··· Listed records

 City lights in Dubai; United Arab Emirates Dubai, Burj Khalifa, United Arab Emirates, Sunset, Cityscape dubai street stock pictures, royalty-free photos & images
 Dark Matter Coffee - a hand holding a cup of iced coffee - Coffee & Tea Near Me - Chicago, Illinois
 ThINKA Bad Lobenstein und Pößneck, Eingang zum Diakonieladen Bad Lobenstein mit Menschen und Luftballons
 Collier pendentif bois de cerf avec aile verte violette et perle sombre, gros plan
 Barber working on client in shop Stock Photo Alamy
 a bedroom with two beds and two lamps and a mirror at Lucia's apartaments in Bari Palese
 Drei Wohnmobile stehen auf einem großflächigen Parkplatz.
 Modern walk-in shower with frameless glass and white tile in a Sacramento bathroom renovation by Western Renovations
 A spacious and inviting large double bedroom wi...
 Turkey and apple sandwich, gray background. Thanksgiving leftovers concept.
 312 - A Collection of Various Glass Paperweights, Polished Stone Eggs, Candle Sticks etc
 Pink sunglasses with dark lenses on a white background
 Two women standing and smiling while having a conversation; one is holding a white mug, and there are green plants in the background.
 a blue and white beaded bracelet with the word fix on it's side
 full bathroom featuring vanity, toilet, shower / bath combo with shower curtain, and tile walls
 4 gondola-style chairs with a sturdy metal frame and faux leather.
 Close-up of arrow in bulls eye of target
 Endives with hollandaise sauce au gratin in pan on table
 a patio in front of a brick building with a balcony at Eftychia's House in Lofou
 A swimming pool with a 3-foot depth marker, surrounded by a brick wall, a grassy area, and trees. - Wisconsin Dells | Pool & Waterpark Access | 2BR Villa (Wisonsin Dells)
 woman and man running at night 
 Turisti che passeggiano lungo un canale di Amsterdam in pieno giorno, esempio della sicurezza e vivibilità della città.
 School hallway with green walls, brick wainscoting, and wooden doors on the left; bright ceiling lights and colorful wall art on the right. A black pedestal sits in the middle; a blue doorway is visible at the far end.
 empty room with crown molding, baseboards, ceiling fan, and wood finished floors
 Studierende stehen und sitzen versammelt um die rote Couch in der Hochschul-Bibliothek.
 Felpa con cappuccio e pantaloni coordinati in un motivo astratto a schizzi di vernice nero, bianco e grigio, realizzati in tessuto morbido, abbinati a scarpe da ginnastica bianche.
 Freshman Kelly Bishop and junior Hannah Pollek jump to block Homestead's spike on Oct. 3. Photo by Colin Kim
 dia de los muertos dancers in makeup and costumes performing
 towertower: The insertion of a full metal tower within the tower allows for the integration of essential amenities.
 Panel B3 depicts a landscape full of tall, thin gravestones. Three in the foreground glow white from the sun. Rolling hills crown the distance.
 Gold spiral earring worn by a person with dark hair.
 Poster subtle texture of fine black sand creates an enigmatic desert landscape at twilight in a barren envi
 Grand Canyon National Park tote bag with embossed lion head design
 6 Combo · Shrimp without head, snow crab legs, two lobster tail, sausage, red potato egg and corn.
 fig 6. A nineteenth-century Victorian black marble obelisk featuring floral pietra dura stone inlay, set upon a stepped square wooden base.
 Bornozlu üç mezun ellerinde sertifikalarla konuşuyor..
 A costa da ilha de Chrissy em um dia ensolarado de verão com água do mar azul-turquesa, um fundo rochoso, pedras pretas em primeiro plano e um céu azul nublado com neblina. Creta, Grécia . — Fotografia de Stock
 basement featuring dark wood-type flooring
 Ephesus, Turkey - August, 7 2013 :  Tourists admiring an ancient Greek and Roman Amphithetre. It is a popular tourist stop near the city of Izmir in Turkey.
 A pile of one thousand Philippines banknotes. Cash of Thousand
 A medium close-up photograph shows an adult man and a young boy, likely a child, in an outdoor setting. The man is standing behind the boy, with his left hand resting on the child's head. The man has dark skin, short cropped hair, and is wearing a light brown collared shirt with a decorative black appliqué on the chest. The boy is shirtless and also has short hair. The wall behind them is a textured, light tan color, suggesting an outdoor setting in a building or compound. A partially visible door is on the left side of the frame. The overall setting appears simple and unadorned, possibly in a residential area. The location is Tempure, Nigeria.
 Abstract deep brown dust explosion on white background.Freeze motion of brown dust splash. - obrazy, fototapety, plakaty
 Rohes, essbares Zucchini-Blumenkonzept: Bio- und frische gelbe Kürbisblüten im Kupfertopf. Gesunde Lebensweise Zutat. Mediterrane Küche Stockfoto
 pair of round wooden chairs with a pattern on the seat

······

What you are asked to do - The listing above holds a line with "312 - A Collection" and a line with "full bathroom featuring". Print the stretch from the first through the second, exactly and alone.

Exercise response -
 312 - A Collection of Various Glass Paperweights, Polished Stone Eggs, Candle Sticks etc
 Pink sunglasses with dark lenses on a white background
 Two women standing and smiling while having a conversation; one is holding a white mug, and there are green plants in the background.
 a blue and white beaded bracelet with the word fix on it's side
 full bathroom featuring vanity, toilet, shower / bath combo with shower curtain, and tile walls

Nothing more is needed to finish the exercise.